Das Relações entre o Direito e a Moral (Um Ensaio sobre o Pensamento de Kant)

AutorFabiana Silveira Karam
CargoJuíza de Direito dos Juizados Especiais - Curitiba
Breve introdução ao tema

As relações entre o Direito e a Moral1 constituem dos mais importantes assuntos de que se ocupa a Filosofia do Direito.

A Filosofia do Direito não é uma disciplina jurídica ao lado de outras; não é sequer rigorosamente uma disciplina jurídica. É um ramo da Filosofia que se ocupa do Direito.

A Filosofia como disciplina e forma de atividade mental do homem não é aplicada somente a certos e limitados setores da realidade.

Pode-se dizer que a Filosofia é um certo prisma de visão das coisas, um certo modo de olhar para elas e para a realidade e de sobre estas interrogar. Por ela vemos levantarem-se determinados problemas e dúvidas, com que não se preocupam as ciências ou já os pressupõem resolvidos.

Esta visão ou contemplação, ainda que das coisas do Direito, é precisamente a filosófica – nos termos em que foi definida.

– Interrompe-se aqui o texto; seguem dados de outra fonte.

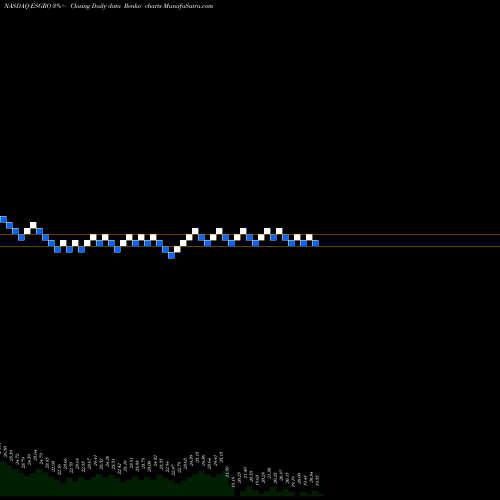 Free Renko charts Enstar Group Limited ESGRO share NASDAQ Stock Exchange 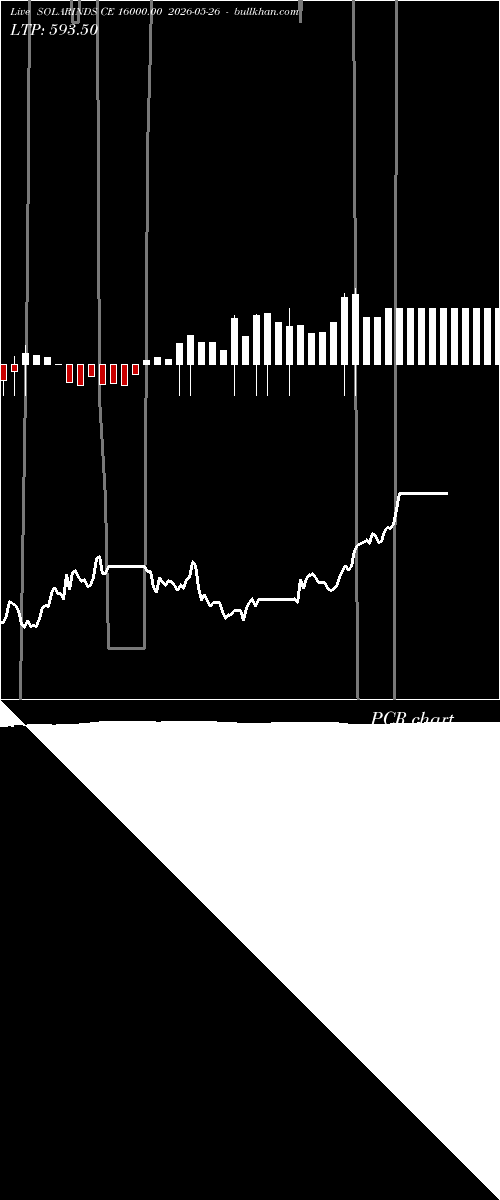  option chart SOLARINDS CE 16000.00 2026-05-26 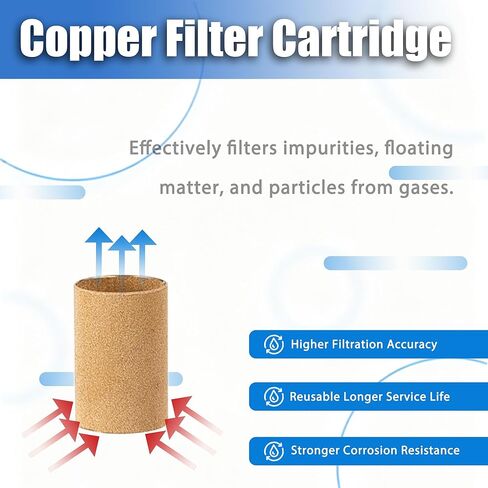 LTPC 1/4" NPT Compressed Air Filter Regulator Combo Piggyback, 5 Micron Brass Element, Poly Bowl, Semi-Auto Drain, Metal Bracket, 0-150 psi AW2000-02 in Kuwait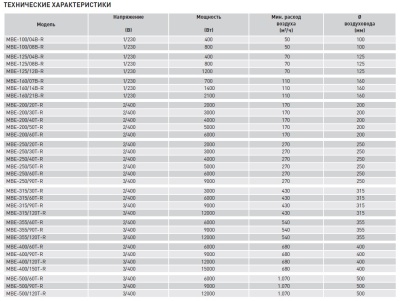 Электрический канальный нагреватель Soler Palau МBE-355/60T-R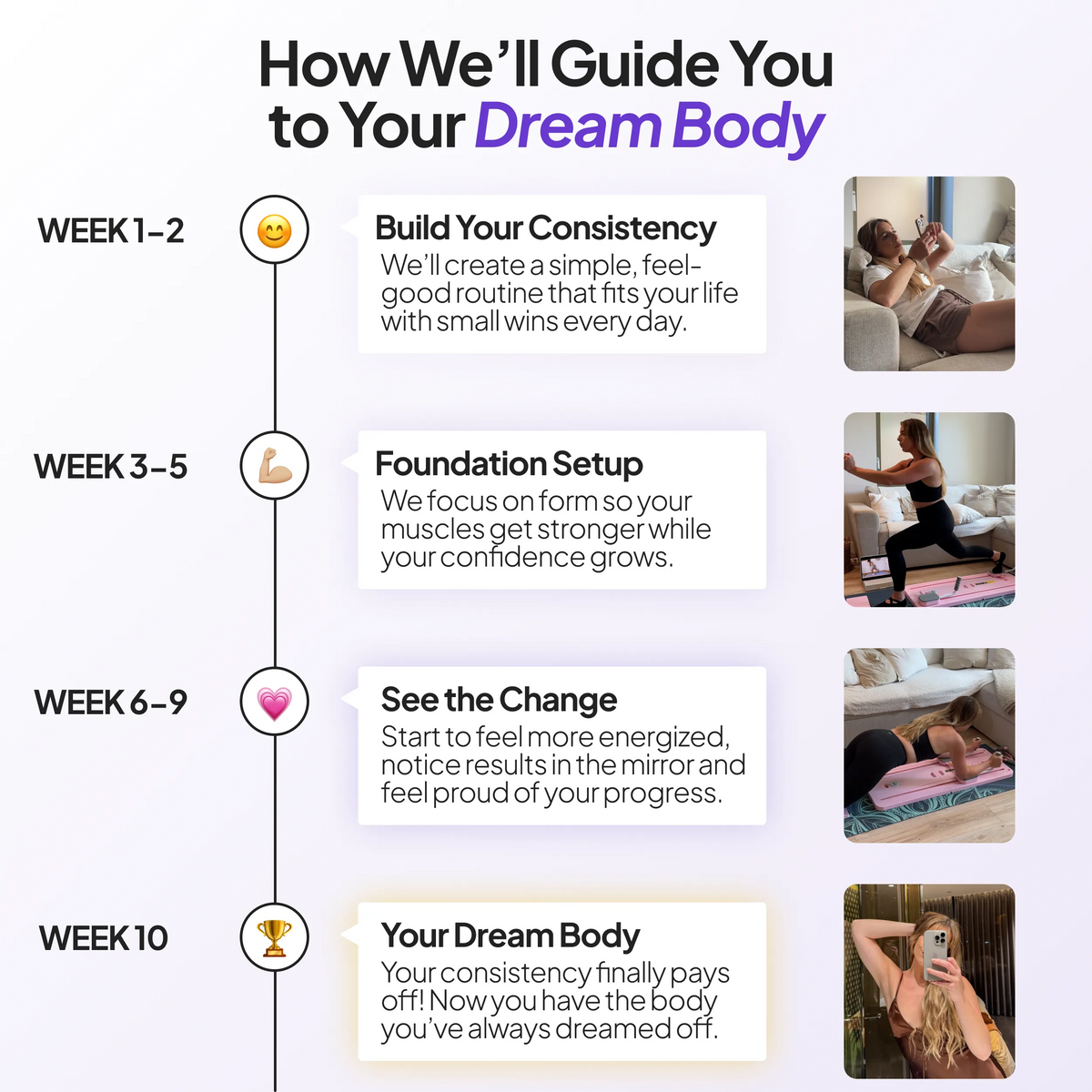 Pilates Board + 60-Day Transformation Program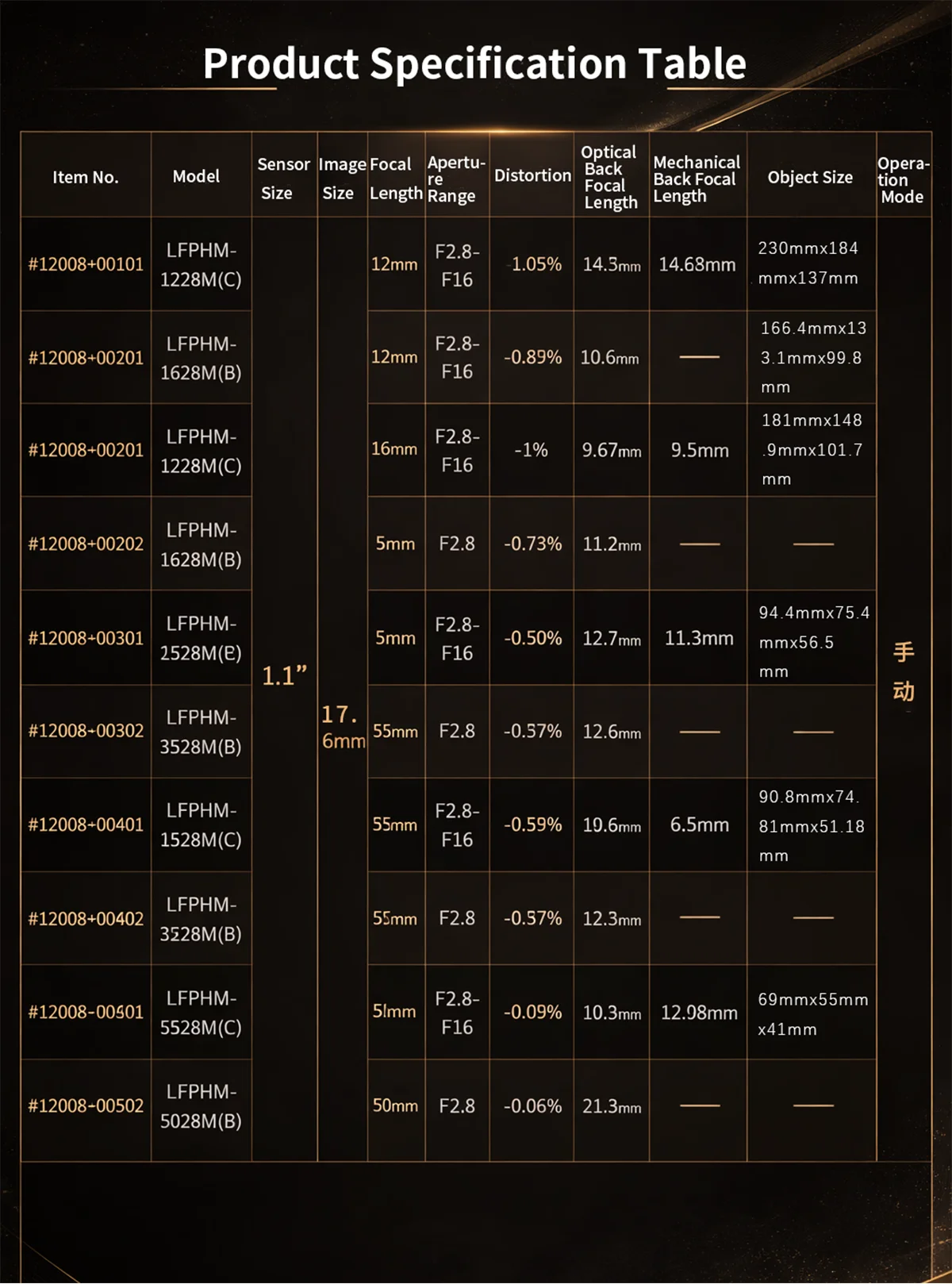 PMS-LFPHM-1628M(B) 20MP large-sensor imaging features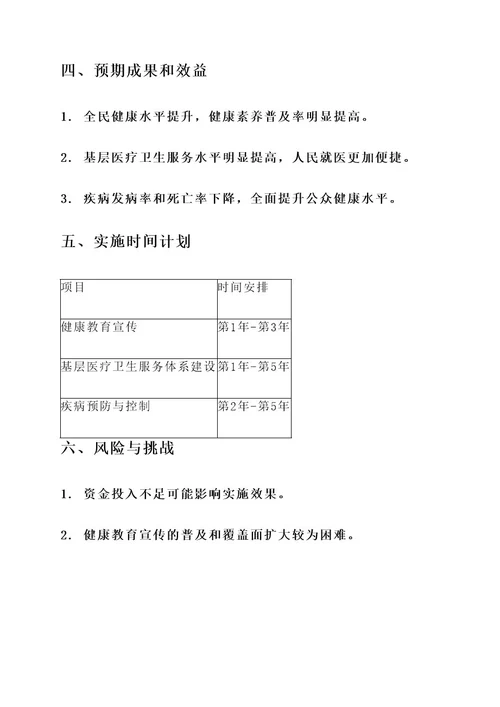 健康黄冈建设实施方案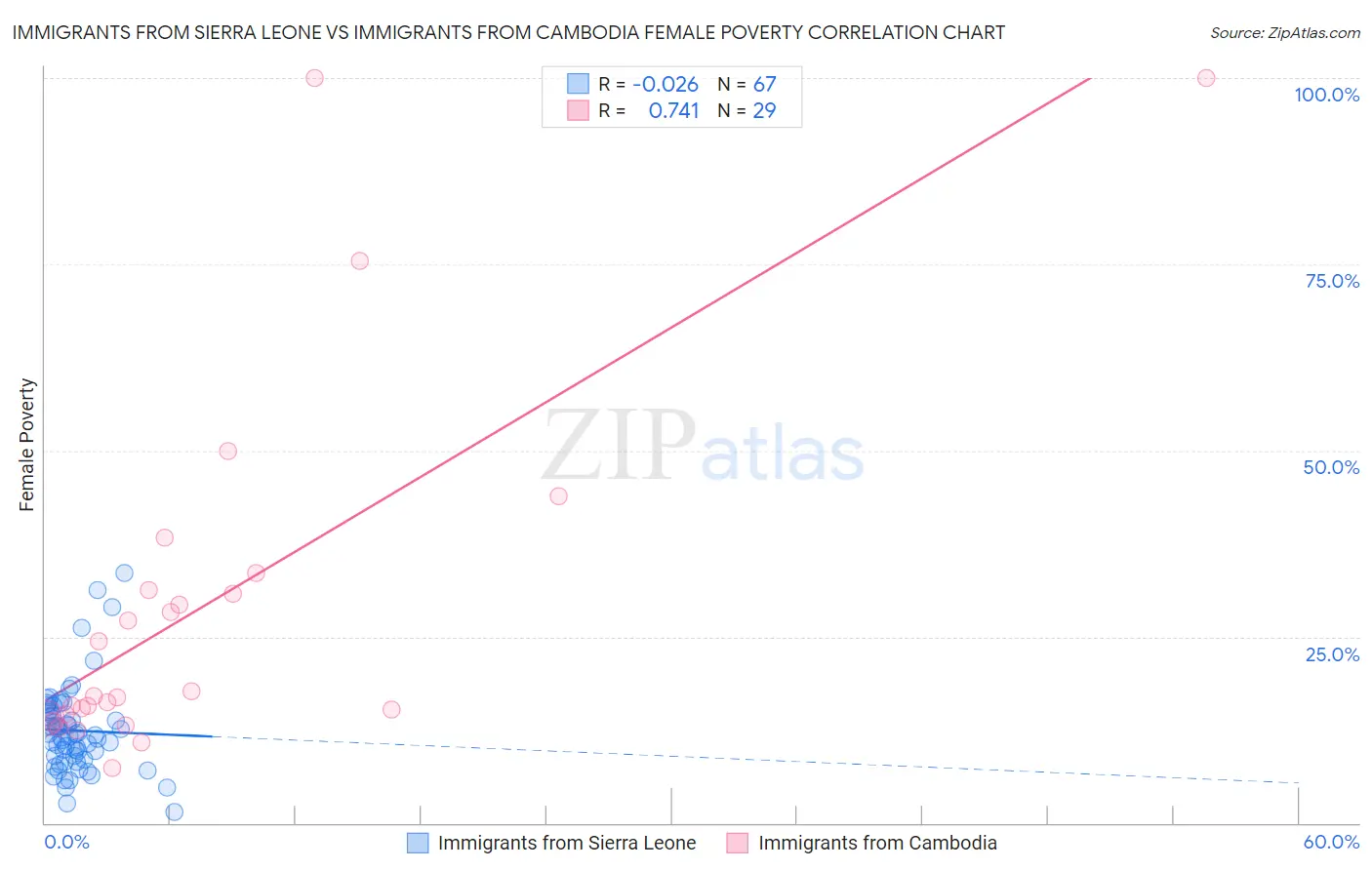 Immigrants from Sierra Leone vs Immigrants from Cambodia Female Poverty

É uma transposição do jurídico para o campo daquelas interrogações fundamentais que se impõem a respeito de tudo o que possa ser objeto do pensamento – numa palavra – para o campo das preocupações habituais da Filosofia.

A Filosofia do Direito não pode ser cultivada, em harmonia com o que fica exposto, por homens que sejam apenas juristas.

Terá de ser cultivada por homens que, tendo alguma coisa de juristas, sejam sobretudo filósofos.

E um dos grandes desafios aos jusfilósofos sempre foi o das relações entre Direito e Moral.

Escreveu JELLINEK que ele era o Cabo Horn da ciência jurídica: perigoso escolho contra o qual muitos sistema têm naufragado.

O mundo antigo não conheceu a perfeita separação entre os domínios da Moral, do Direito e da Religião.

Entre os preceitos jurídicos de ULPIANUS, por exemplo, achamos honeste vivere, que é antes um preceito moral. CELSO define o Direito como ars boni et aequi.

Mas o grande jurisconsulto PAULUS nos legou uma distinção: non omne quod licet honestum est (nem tudo o que o direito permite é conforme a moral).

Apenas em época recente, encontramos uma teoria genuína desta distinção. THOMASIUS, em 1705, foi o primeiro a encarar a questão. Para ele, a Moral respeitava apenas ao forum internum, à vida interior; o Direito, ao forum externum, à vida exterior. Daí resultava que a Moral não é coercível e o Direito é coercível.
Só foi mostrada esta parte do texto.